> _YOUR OBJECTIVE_:
The copy you return should hold every record below word for word and no images.

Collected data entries
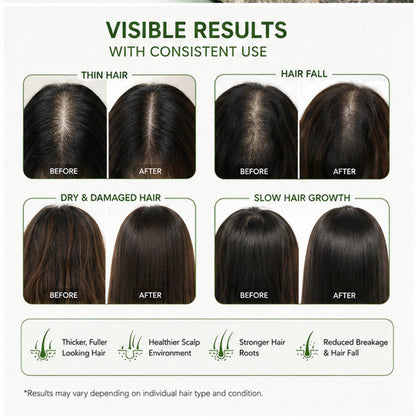 Natural Rosemary Hair & Scalp Growth Oil 100ml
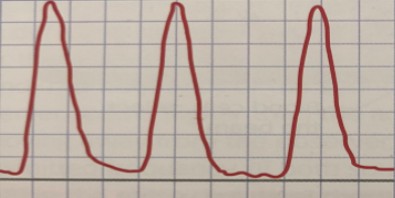 <ol><li><p>If this waveform was obtained from an analog doppler velocimetry, would this easily be ruled out as abnormal? </p></li><li><p>If no, why not?</p></li></ol><p></p>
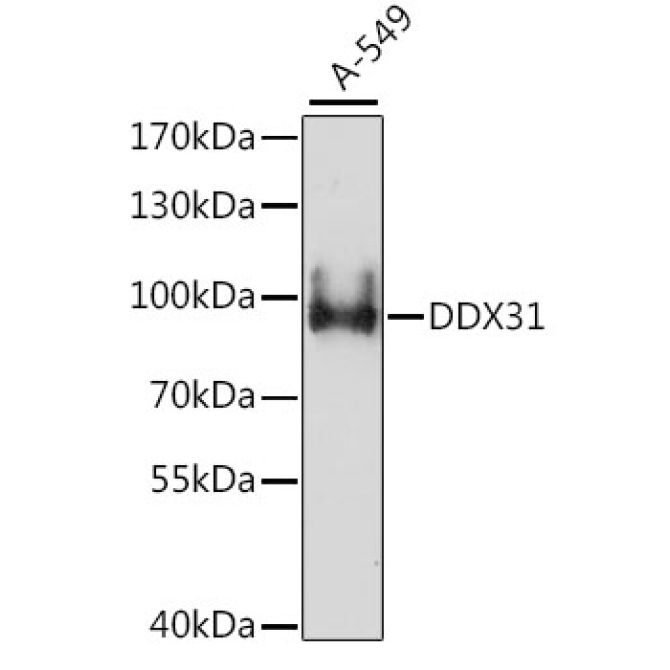 DDX31 Rabbit Polyclonal Antibody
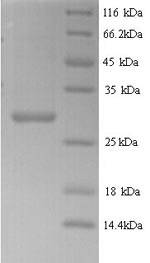 Yeast LCR83 protein
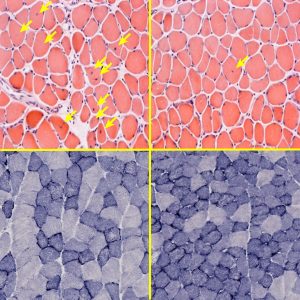 Top left: PGC1 deficiency leads to severe muscle damage, evidenced by numerous centralized nuclei (highlighted with arrows), which is likely due to impaired mitochondrial energy metabolism (bottom left: blue staining shows impaired mitochondrial activity). Such muscle damage and mitochondrial impairment is largely rescued by ERRγ overexpression (top and bottom right).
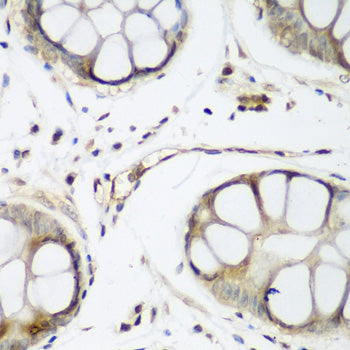 Anti-WWTR1 Rabbit Polyclonal Antibody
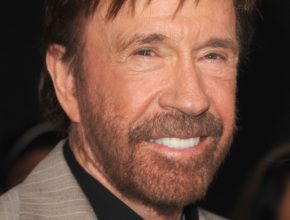 Chuck Norris plastic surgery (15)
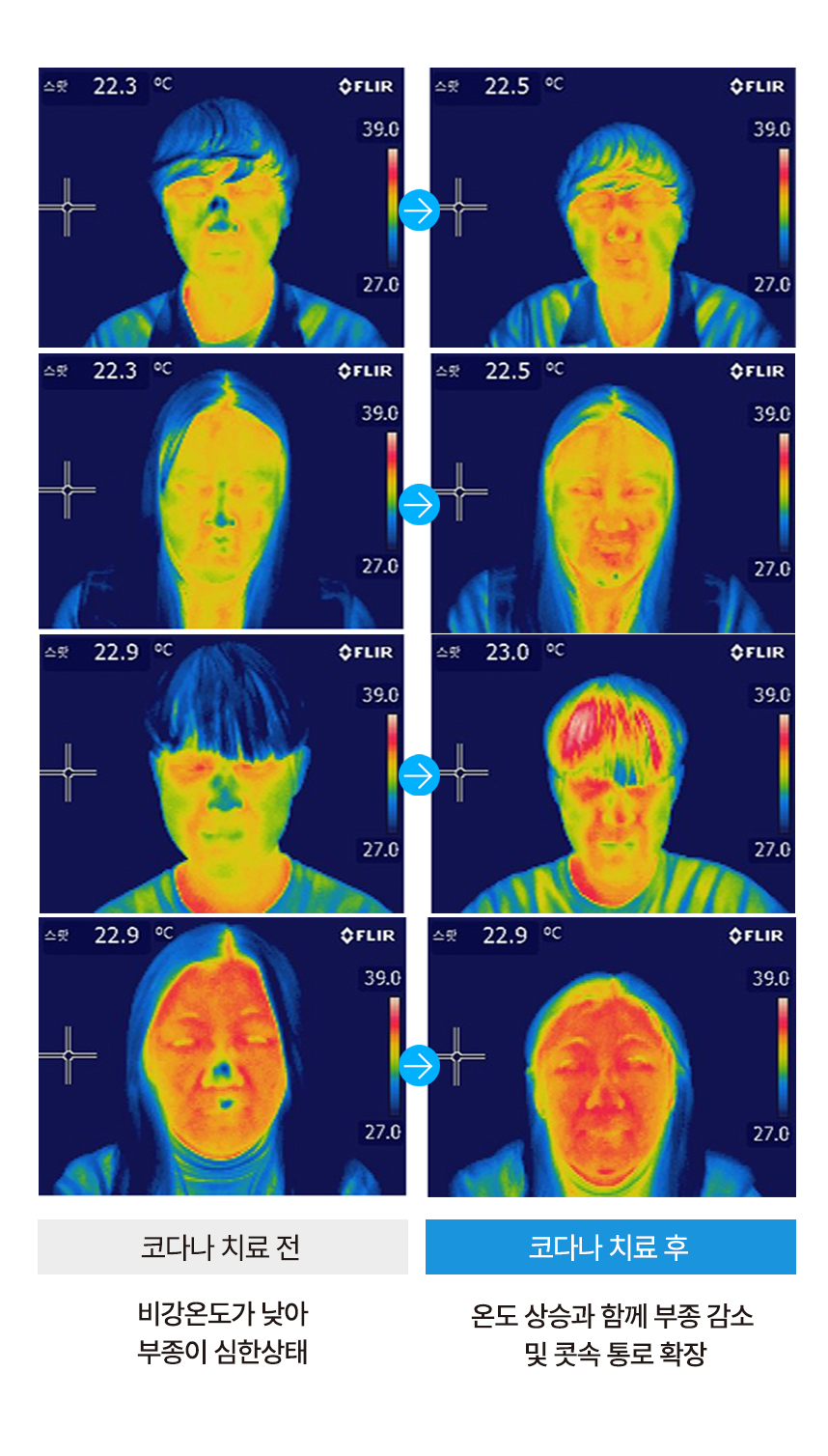 코다나 치료 전 : 비강온도가 낮아 부종이 심한상태, 코다나 치료 후 : 온도 상승과 함께 부종 감소 및 콧속 통로 확장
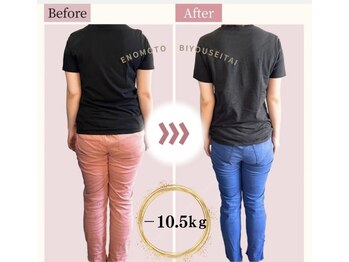 えのもと美容整体院/30代女性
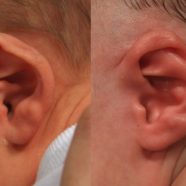 Constricted ear and prominent ear treated with ear molding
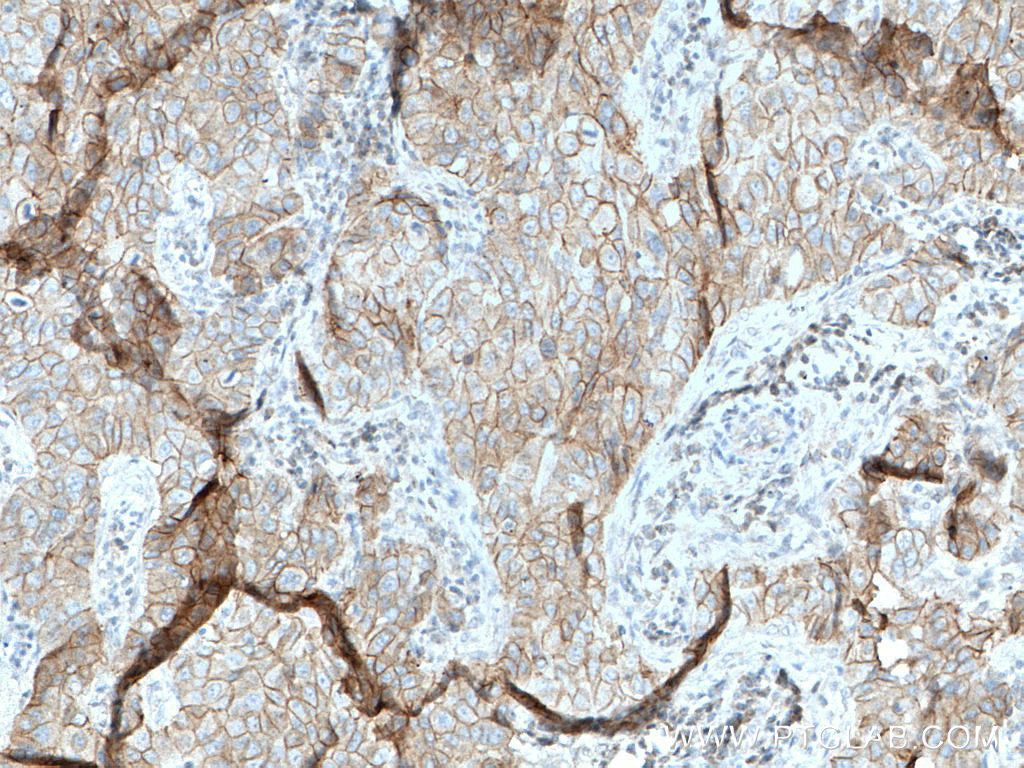 Gamma Catenin Monoclonal antibody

> _TASK SOLUTION_:
 Natural Rosemary Hair & Scalp Growth Oil 100ml
 <ol><li><p>If this waveform was obtained from an analog doppler velocimetry, would this easily be ruled out as abnormal? </p></li><li><p>If no, why not?</p></li></ol><p></p>
 DDX31 Rabbit Polyclonal Antibody
 Yeast LCR83 protein
 Top left: PGC1 deficiency leads to severe muscle damage, evidenced by numerous centralized nuclei (highlighted with arrows), which is likely due to impaired mitochondrial energy metabolism (bottom left: blue staining shows impaired mitochondrial activity). Such muscle damage and mitochondrial impairment is largely rescued by ERRγ overexpression (top and bottom right).
 Anti-WWTR1 Rabbit Polyclonal Antibody
 Chuck Norris plastic surgery (15)
 코다나 치료 전 : 비강온도가 낮아 부종이 심한상태, 코다나 치료 후 : 온도 상승과 함께 부종 감소 및 콧속 통로 확장
 えのもと美容整体院/30代女性
 Constricted ear and prominent ear treated with ear molding
 Gamma Catenin Monoclonal antibody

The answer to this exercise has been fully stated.